I'm trying to determine if the following sets are countable: (a) $\mathbb{Z}^{[0,1]}, (b) [0,1]^{\mathbb{Z}}, (c) \mathbb{Z}^{\mathbb{Z}}$, (d) the set given by functions $f:\mathbb{Z}\to\mathbb{R}$ such that $f(n)\neq0$ only for finitely $n$ (otherwise zero), (e) the set given by functions $f:\mathbb{Z}\to\mathbb{Z}$ such that $f(n)\neq0$ only for finitely $n$ (otherwise zero).
Here $Y^X$ denotes the set of all function from $X$ to $Y$. I've seen similar question that involves $\{0,1\}$ instead of $[0,1]$, I'm not sure how to proceed if I have the last case (I'm considering the possibility that the question is wrong, wouldn't imply that question 1 and 2 are uncountable just because $[0,1]$ is uncountable?).
Is there a theorem that states "If $f:X\to Y$ and $X$ or $Y$ is uncountable then $Y^{X}$ is uncountable"?
For (a) I'm tempted to say uncountable but I haven't found a way to write a proof that looks good.
Still, I believe I could prove that $Z^{[0,1]}$ is uncountable also by proving that $\mathbb{Z_+}^{\{0,1\}}$ is uncountable because $\mathbb{Z_+}^{\{0,1\}} \subset \mathbb{Z}^{[0,1]}$. To do this I repeat Cantor's argument: if $\mathbb{Z_+}^{\{0,1\}}$ is countable then we can have a list $\{f_1,f_2\}$ with every function, but defining $f(n)= 0$ (if $f_n(n)=1)$ and $f(n)=1$ (if $f(n(n)=0)$ we have a that $f$ is not in the list; I believe this would probe (b).
For (c), since $Z^{[0,1]} \subset Z^{\mathbb{Z}}$ can I conclude $Z^{\mathbb{Z}}$ uncountable?.
Can I conclude (d) uncountable because $\mathbb{R}$ uncountable?. Another argument may be the following: If countable we have a list $\{f_1,f_2,f_3,\dots\}$ of functions, now define $f(n) = a_1.a_2a_3a_3\dots$ where $a_n= 0$ if nth term of the decimal expression of $f_n(n)$ is not $0$ and $1$ otherwise; would this construct a function that is not in the former set and finish the proof?.
For (e) maybe I can split $\mathbb{Z}$ considering $\mathbb{Z}=\mathbb{Z_{-}}\cup{\{0\}}\cup\mathbb{Z_+}$ and prove that each one is countable. I'm not sure yet what to do, should I consider all the cases, this is, $f:Z_+\to Z_+, f:Z_+\to Z_{-}$, etc?.

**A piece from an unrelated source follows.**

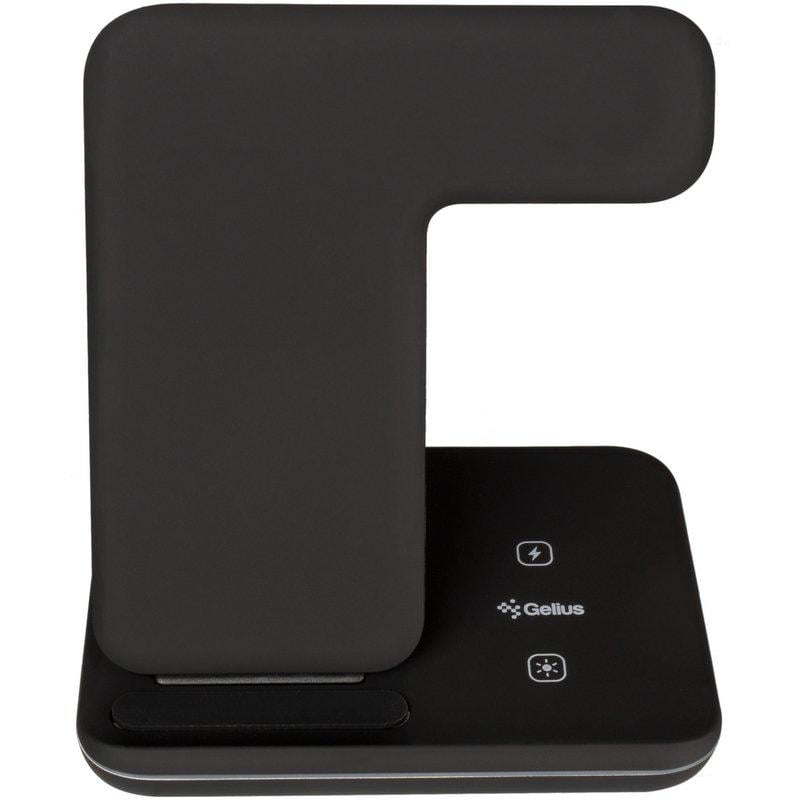 Зарядний пристрій бездротовий Gelius Wireless Charger GP-AWC01 3в1 15W Black (58008)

I don't see what role $f$ plays here, but yes, it is true that if $|X| \ge 2$ and $Y$ is non-empty, then $|X^Y| \ge |X|$ and $|X^Y| \ge |Y|$.
To see that $|X^Y| \ge |X|$, we have the functions $\{f_{\alpha}:Y \to X\}_{\alpha \in X}$ defined by $f_\alpha(y) = \alpha$ for all $y \in Y$. Each $f_\alpha$ is a distinct element of $X^Y$ (because $Y$ is non-empty), and the cardinality of $\{f_\alpha\}$ is the same as the cardinality of $X$.
To see that $|X^Y| \ge |Y|$, choose any distinct $x_0,x_1 \in X$ (we can do this because $|X| \ge 2$), and define the functions $\{f_{\beta}:Y \to X\}_{\beta \in Y}$ by:
$f_\beta(\beta) = x_0$
$f_\beta(y) = x_1$ if $y \ne \beta$
Each $f_\beta$ is a distinct element of $X^Y$, and the cardinality of $\{f_\beta\}$ is the same as the cardinality of $Y$.
To prove the stronger result that $|X^Y|$ is strictly greater than $|Y|$, you can use Cantor's diagonal argument.